Fall in Love with South Dakota Honey

Owl Creek Organics & Natural Products is one of eight retailers involved in the Fresher is Fun! Campaign, organized by the S.D. Specialty Producers Association.

Honey is an ancient food and natural remedy that has been utilized for thousands of years. Not only do we eat this sweet treat, but it is also known for soothing sore throats and coughs and its antiseptic properties. South Dakota raised honey is available year-round through a variety of retailers or direct from producers.

Honey is considered a specialty crop along with other products like fruits, vegetables, nuts and flowers. According to the S.D. Dept. of Agriculture & Natural Resources (DANR), there are 185 South Dakotans keeping bees in the state, with around 100 of these maintaining their bees for commercial honey production. South Dakota usually ranks in the top five states in the nation for total number of colonies.

Bernadette Barnaud, owner of Owl Creek Organics & Natural Products out of Nisland, S.D. in the northern Black Hills, sells local honey as well as jams made with honey, small honey gift boxes, and beeswax candles. 

“South Dakota honey is one of the best available, especially the kind we produce. My dad and brother make sure to irrigate our pastures so the bees have plenty to forage throughout the summer. The plants, such as alfalfa and sweet clover from which the bees get nectar, make the absolute best honey around,” Barnaud said.

Owl Creek Organics & Natural Products out of Nisland, S.D. sells local honey, jams made with honey, small honey gift boxes, and beeswax candles.

While working as a teacher in Minnesota in 2011, Barnaud signed up for her first honey beekeeping workshop. The following summer, Barnaud bought several hives and each year continued to increase numbers. She also started a market garden and sold produce at the farmers market in Rapid City, S.D.

“My interest in bees initially began because of my love for gardening.

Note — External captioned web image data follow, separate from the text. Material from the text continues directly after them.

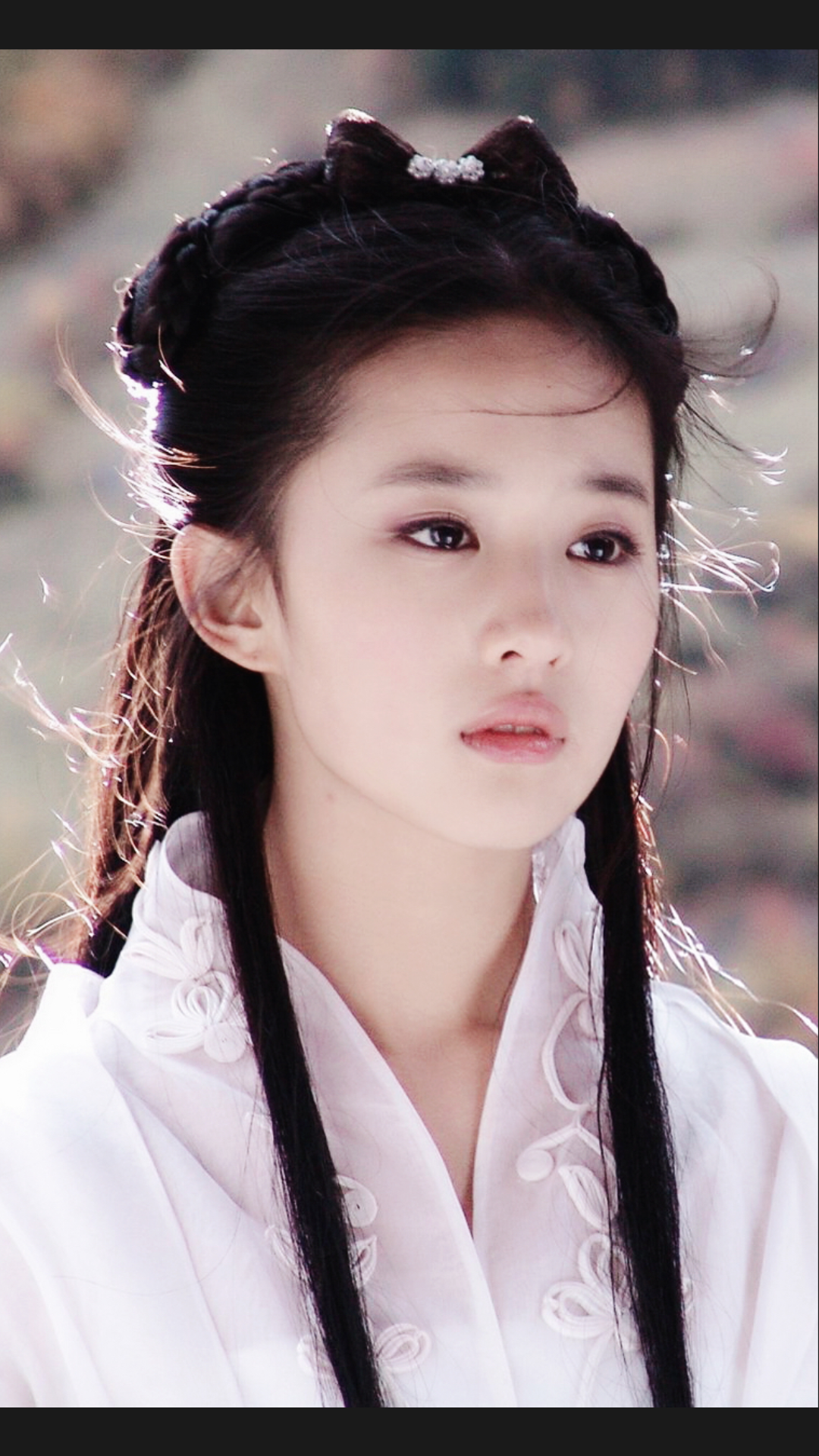 大家有没有胡歌版神话里玉漱的高清壁纸或是刘亦菲小龙女的壁纸?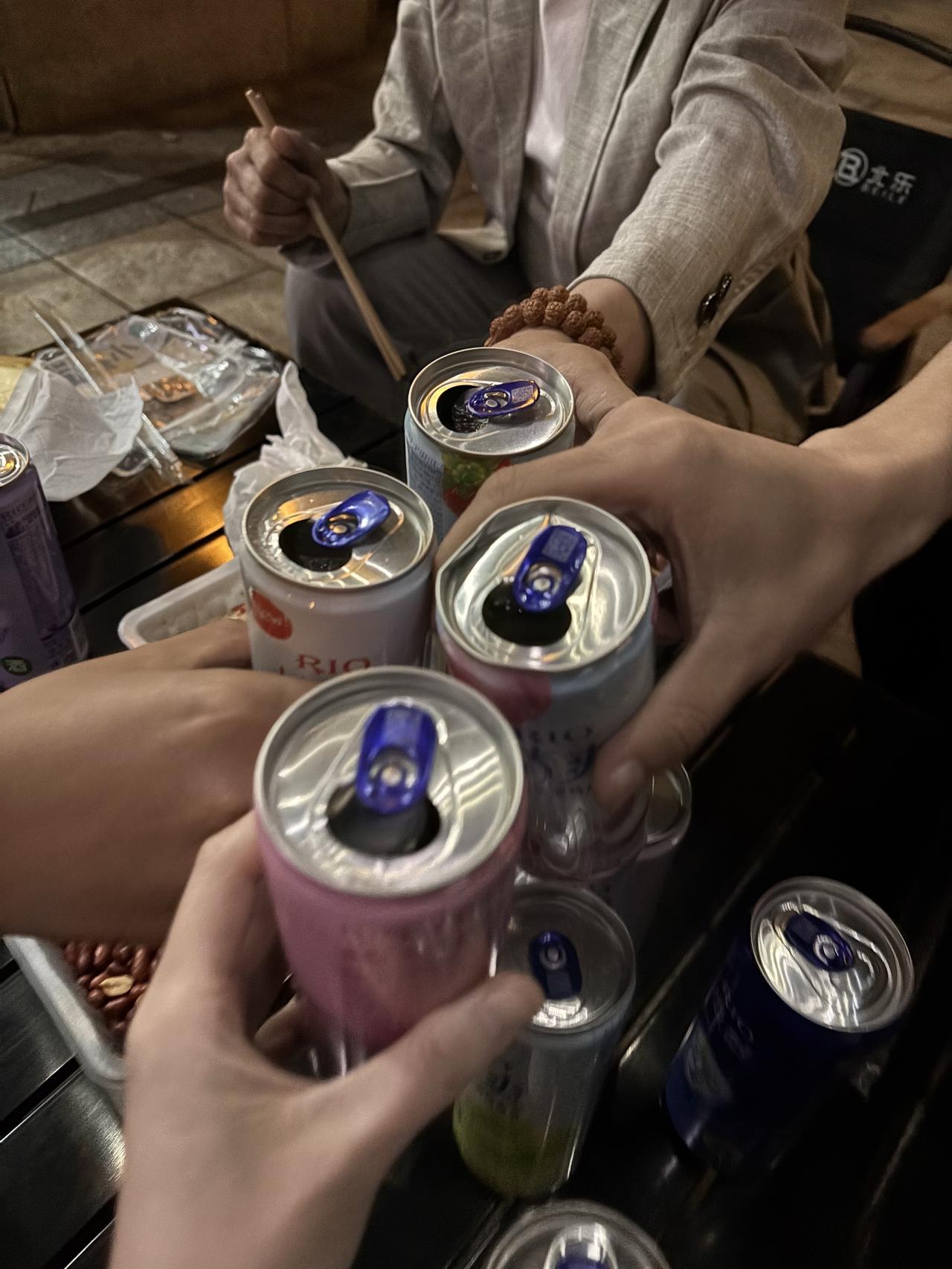 和朋友一起🍺快乐小9～～
4月的我们都很努力辛苦了💪
🍾开心🥳庆祝五一假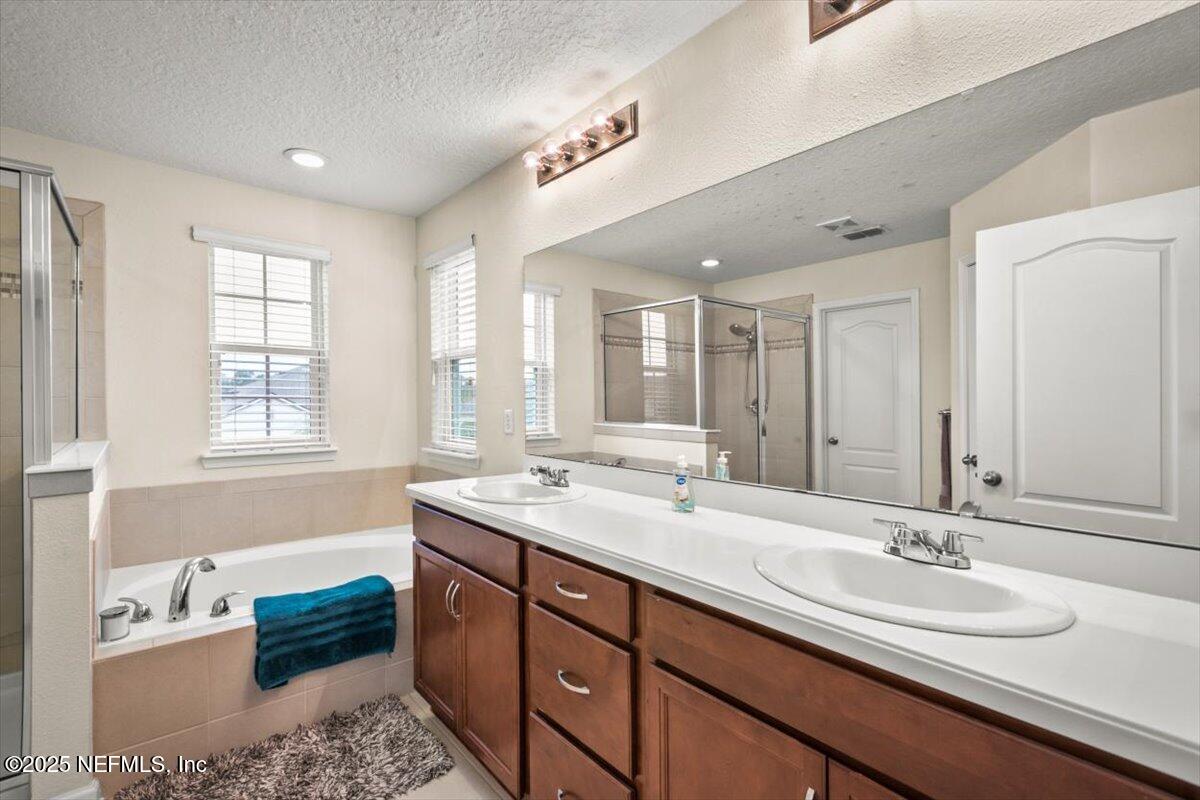 St. Augustine, Florida, 32084, United States, 5 Bedrooms Bedrooms, ,4 BathroomsBathrooms,Residential,For Sale,1923459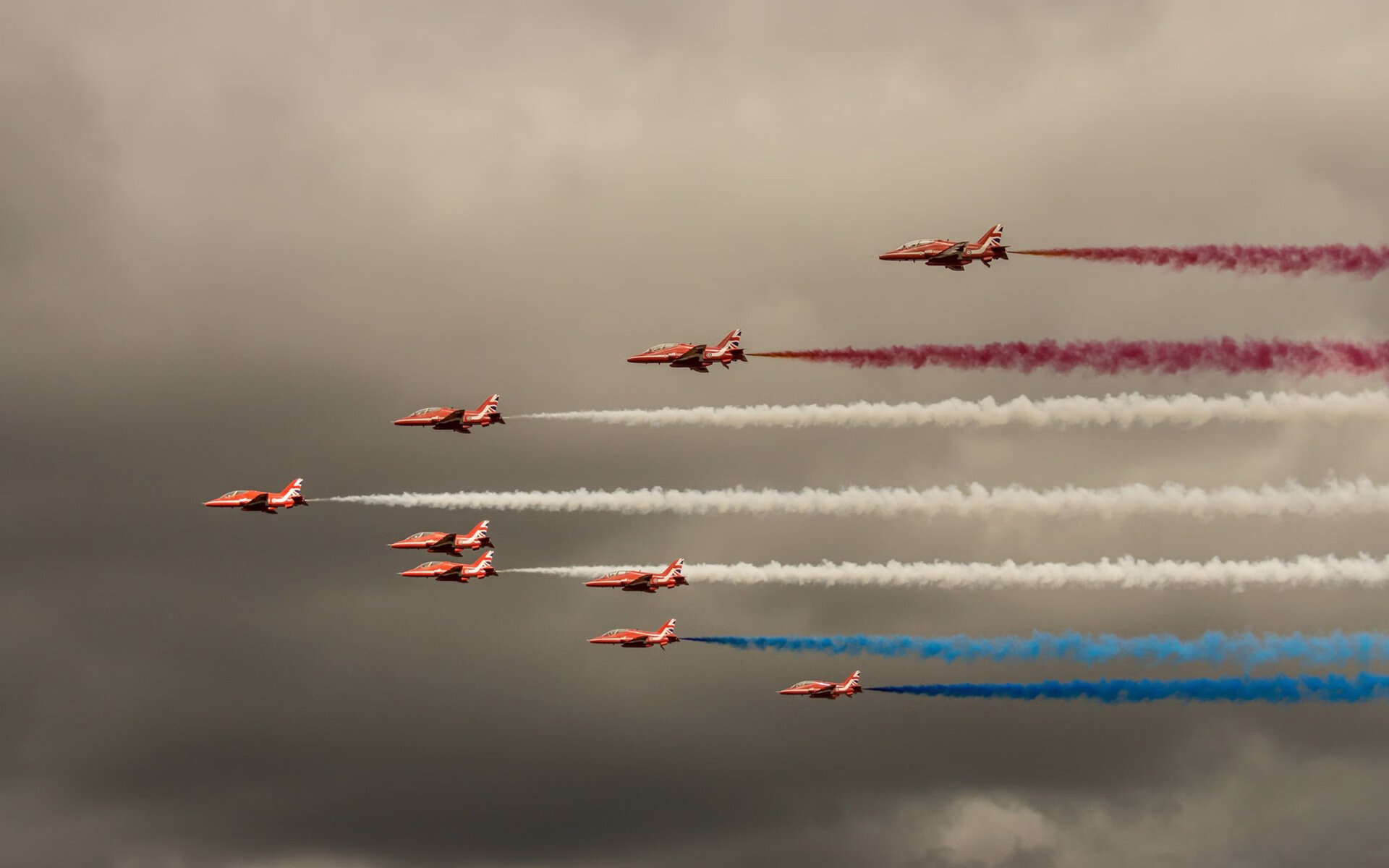 东西双星，戈贝尔的万里长城与老鹰队的东方启示录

I had read that bees could increase vegetable production because the bees pollinate the flowers of the vegetable plants,” Barnaud said.

In 2014, Barnaud learned how to make jelly from her grandmother using wild plums she harvested. Initially she was using sugar to sweeten the jams, but as honey production increased she decided to try sweetening her jams with honey. With some trial and error her products came together.

“Some of my favorites are raspberry jam and grape jelly, but huckleberry and lingonberry are by far the most popular with my customers,” Barnaud said. 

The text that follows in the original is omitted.